The beach, pools, and most of the restaurants close around sunset, so the nightlife scene is limited. A cocktail lounge, HMF, and a bar inside the seafood restaurant, Seafood Bar, stay open until 2 a.m.
Travelers sticking to a budget may want to consider visiting the hotel in the summer, during the off-season. Rooms are nearly half off and discounts are given for valet parking, meals, poolside bungalows, and spa services. Kids’ meals, the Kids Camp, and daily breakfasts are also free.
Located on 140 acres of oceanfront property on Palm Beach Island
The Breakers is located on a sprawling oceanfront estate in central Palm Beach. The area immediately surrounding the property is filled with private homes, luxury apartment complexes, and a handful of small businesses.
Palm Beach is an enclave of the uber-rich. The town is filled with grade-A golf courses, high-end shops, upscale restaurants, and beautiful beaches.
A good deal of shopping outlets, restaurants, and two museums are all within 10 minutes of the hotel. Guests tired of paying for costly meals at The Breakers should head to CityPlace, a shopping area with a Cheesecake Factory, Thai restaurant, pizza parlor, and more.
Smallish rooms have old-fashioned charm and modern perks
Most of The Breakers’ 540 guestrooms feature understated beach decor and classic, simple furnishings. The standard guest rooms are on the small side for a property of this caliber, at 300 square feet, and fit a maximum of two people. Every room includes a minibar, free Wi-Fi, flat-screen TV, DVD player, and a stereo with an iPod dock.
For accommodations over 460 square feet, guests need to upgrade to suites, which run from 525 to 1,700 square feet. The largest suites have only one bedroom, but connecting rooms are available and can sleep up to eight people.
Club Level rooms are on the sixth and seventh floors. They include access to The Flagler Club, which offers freebies like afternoon tea, cookies, beverages, deserts, and buffet breakfast.
Less than half the rooms fully face the ocean, so guests that care about the view should be sure to book early.

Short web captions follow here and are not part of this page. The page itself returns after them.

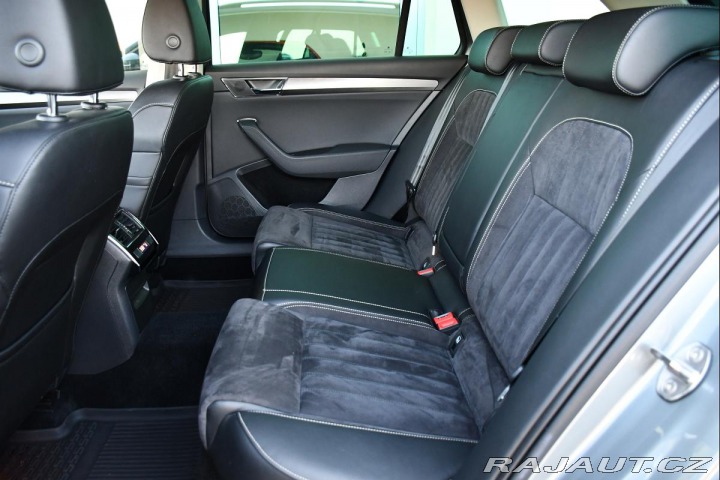 Škoda Superb 2.0TDi 140kW STYLE DSG 4X 2019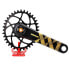 Фото #3 товара STONE Direct Mount Sram MTB 3 Offset oval chainring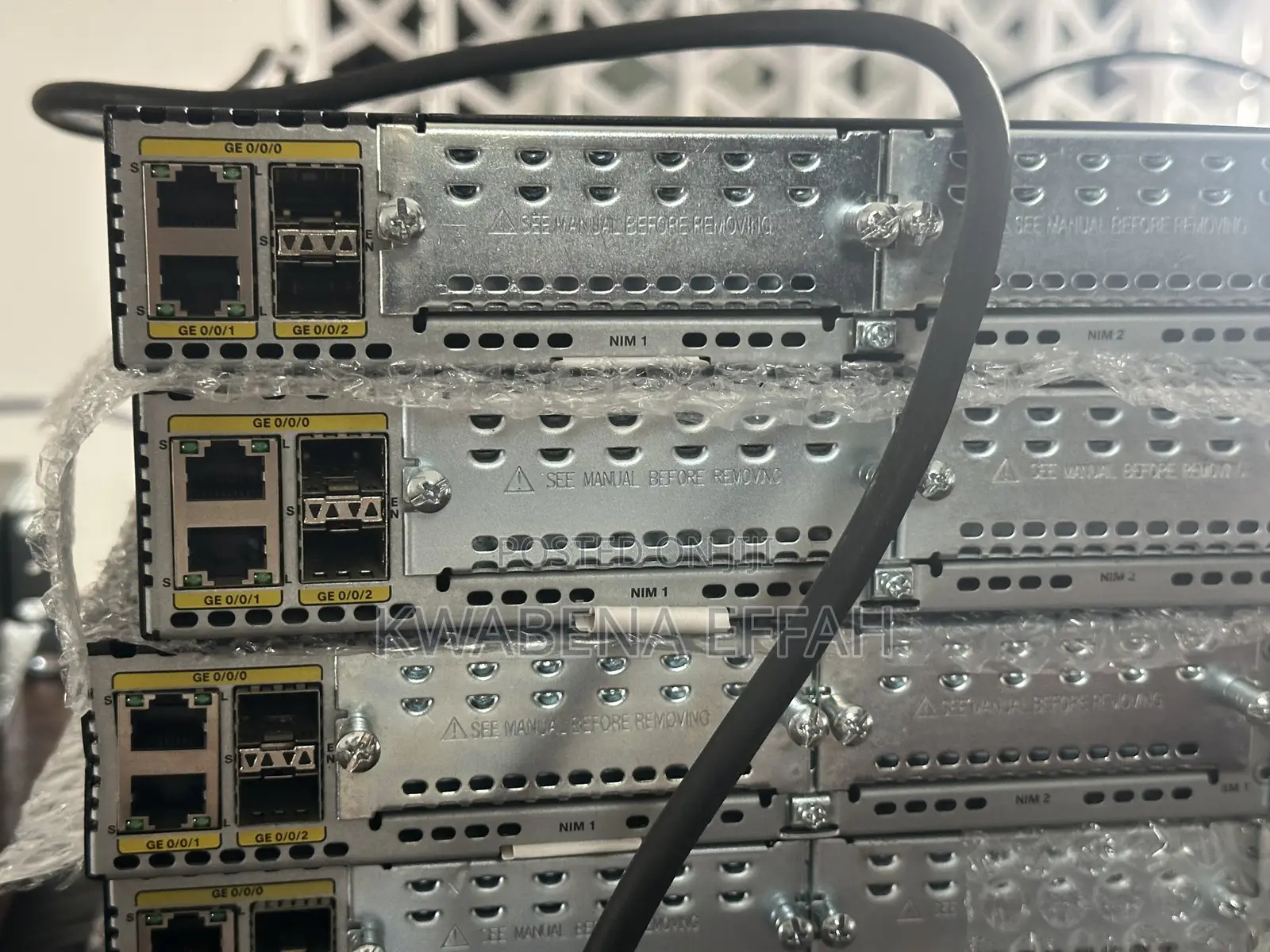 Cisco Isr4331-ax/K9 Security Appx Bundle Router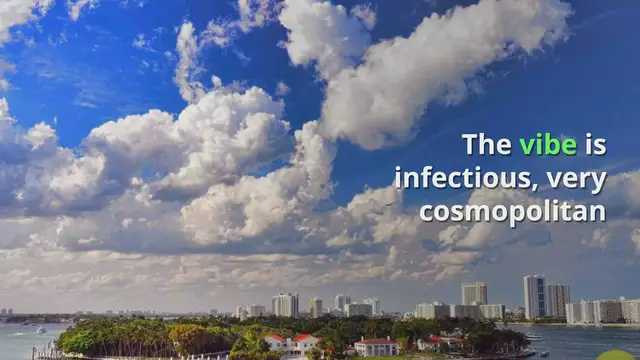 Video thumbnail for Miami Highlights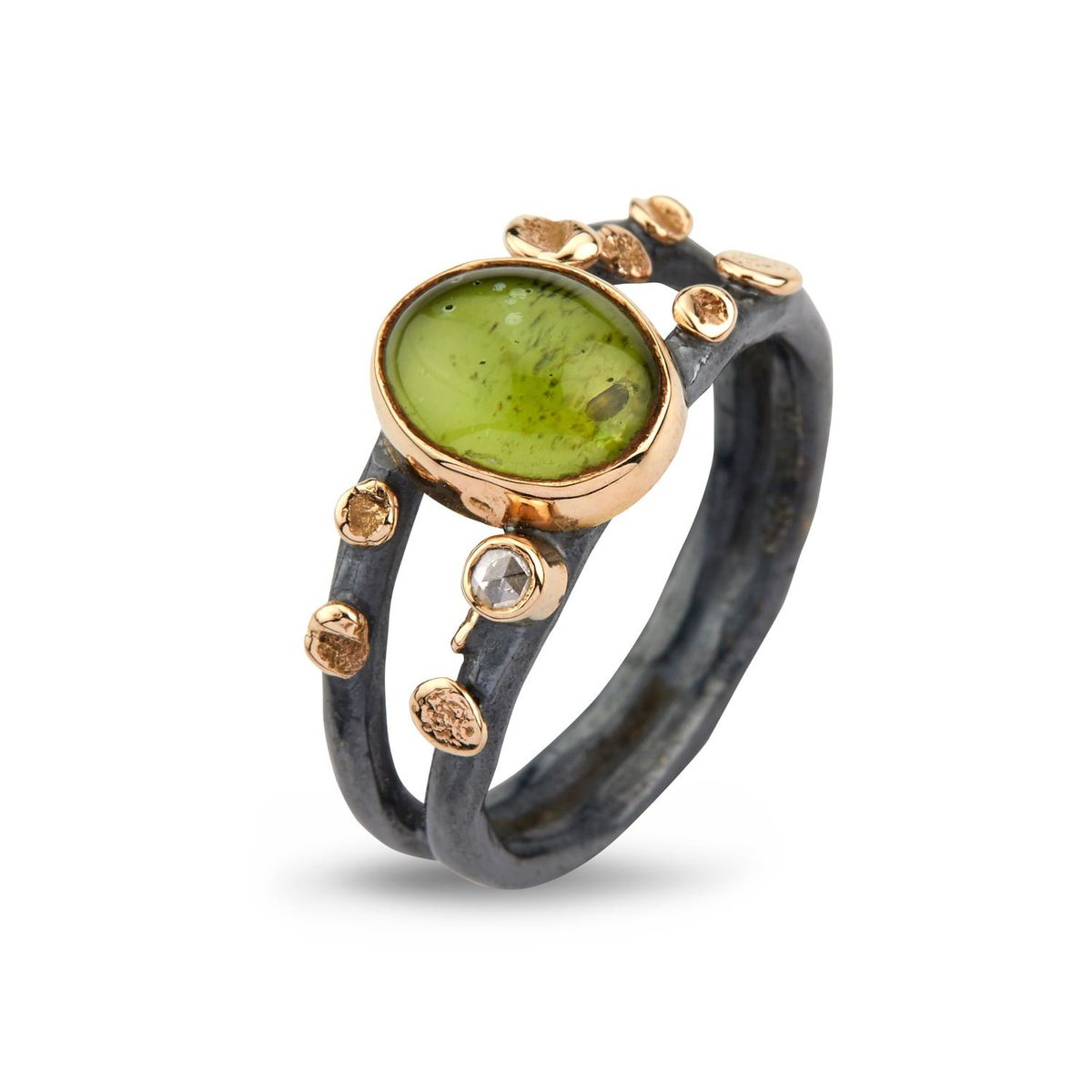 Ring Cara Peridot - 59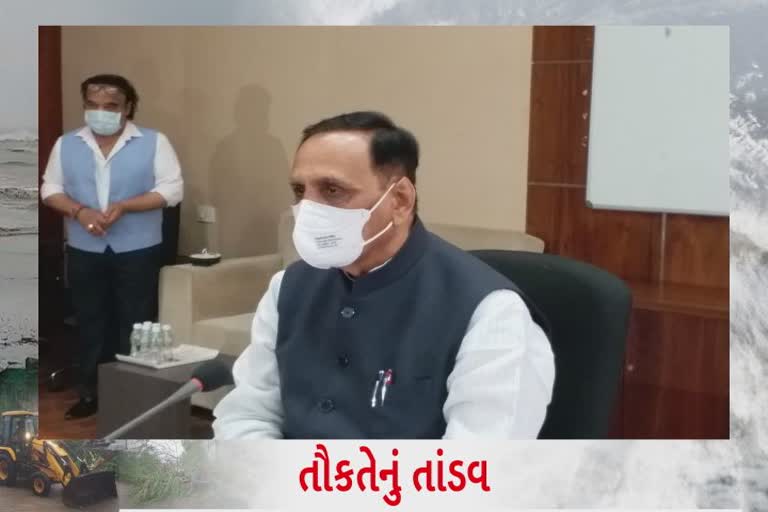 NDRFની 100 ટીમ ફિલ્ડમાં, 1 લાખથી વધુ વૃક્ષ ધરાશાયી થવાની શક્યતા, ખેતીને પણ નુકશાન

Private beach with free lounge chairs and snorkeling
The Breakers sits on a lovely stretch of private beach, easily accessed by walking past the pool area. The beach feels a bit rugged due to large rocks and breaking waves, or “breakers,” which give the hotel its name. Those who like wading in gentle waters may be deterred by the waves here, which are often large enough to surf on. Sunbathing guests may also find themselves spritzed with seawater on windy days.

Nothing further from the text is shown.